[Saved data entries]

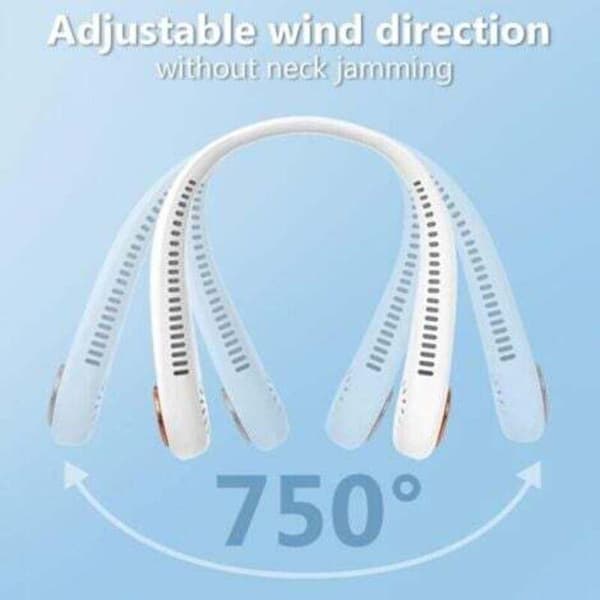 Bærbar halsventilator uden blade, USB genopladelig bærbar halsventilator, 360° justerbar halsventilator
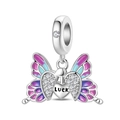 Silver butterfly charm with blue purple enamel and heart luck tag for DIY bracelet - Heart Opening Butterfly Charm (PAC1747)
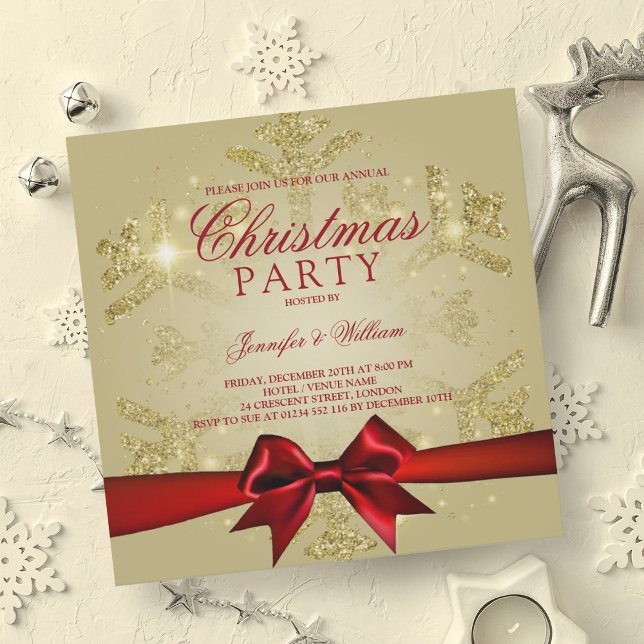 Invitation Gold Red Glitter & Ribbon | Holiday Party (Gold Red Glitter & Ribbon | Xmas Holiday Party Invitation)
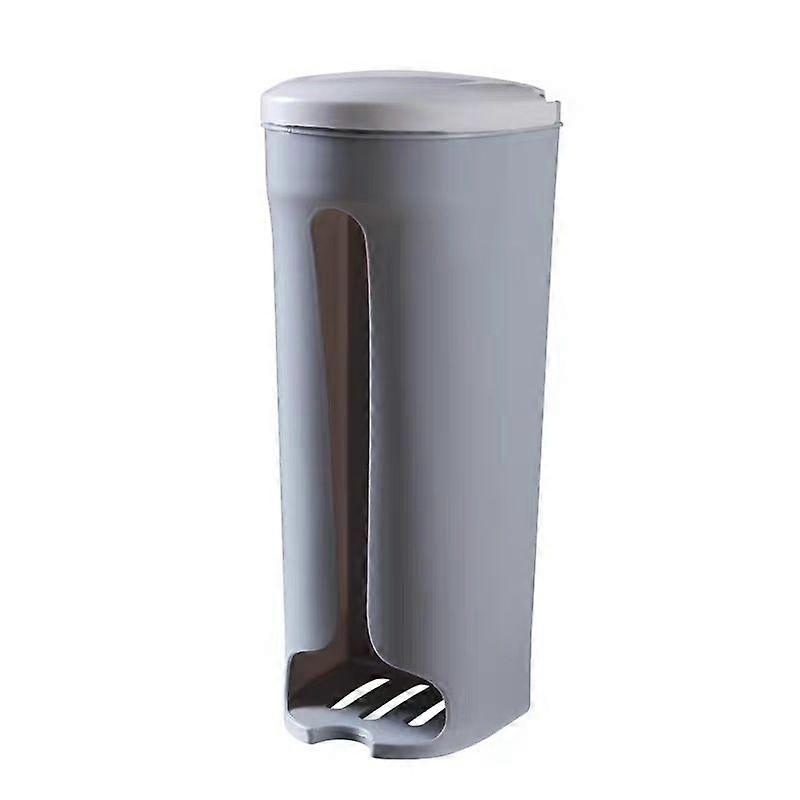 Garbage Bag Storage Box Home Kitchen Bathroom Wall Mounted Plastic Storage Rack (Grey)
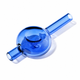 Lapis blue NWTN Bolla glass hand pipe displayed from an angled top view with a sculptural rounded borosilicate glass body.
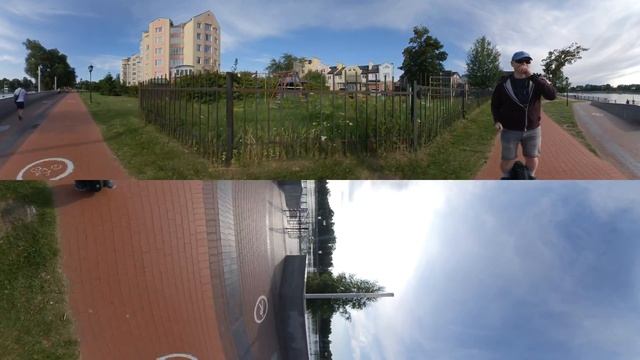 Покатушки на моноколесе. Набережная Верхнего озера, Калининград. смотреть онлайн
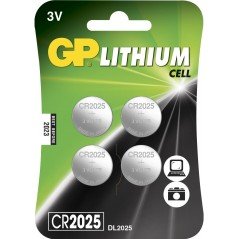 GP CR2025 Lithium 4-Pack knappcellsbatterier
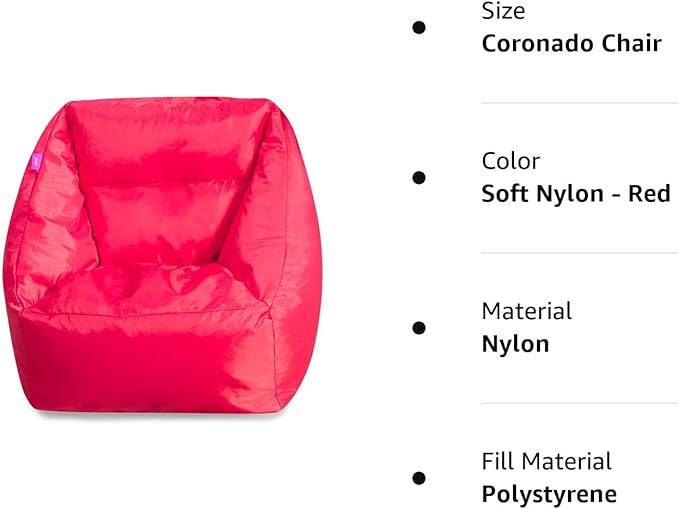 Posh Creations Structured Comfy Seat for Playrooms and Bedrooms, Large Bean Bag Chair, Coronado Chair, Red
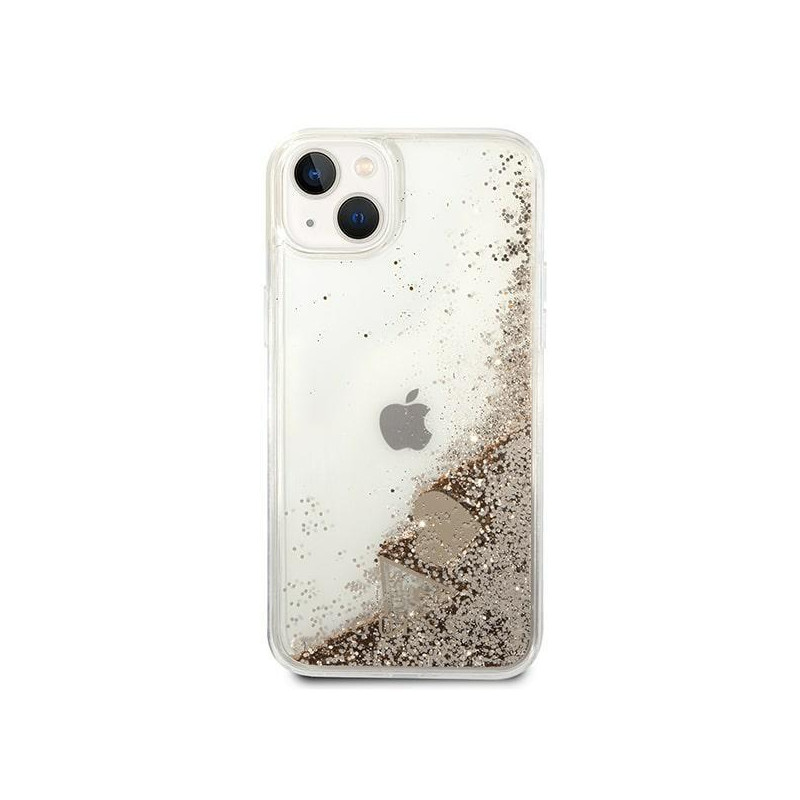 Guess Glitter Charms dėklas iPhone 14 - auksinis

• EXERCISE GOAL
An exact reproduction of all the records is required, with no pictures included.

• SOLUTION
 Bærbar halsventilator uden blade, USB genopladelig bærbar halsventilator, 360° justerbar halsventilator
 Silver butterfly charm with blue purple enamel and heart luck tag for DIY bracelet - Heart Opening Butterfly Charm (PAC1747)
 Invitation Gold Red Glitter & Ribbon | Holiday Party (Gold Red Glitter & Ribbon | Xmas Holiday Party Invitation)
 Garbage Bag Storage Box Home Kitchen Bathroom Wall Mounted Plastic Storage Rack (Grey)
 Lapis blue NWTN Bolla glass hand pipe displayed from an angled top view with a sculptural rounded borosilicate glass body.
 Покатушки на моноколесе. Набережная Верхнего озера, Калининград. смотреть онлайн
 GP CR2025 Lithium 4-Pack knappcellsbatterier
 Posh Creations Structured Comfy Seat for Playrooms and Bedrooms, Large Bean Bag Chair, Coronado Chair, Red
 Guess Glitter Charms dėklas iPhone 14 - auksinis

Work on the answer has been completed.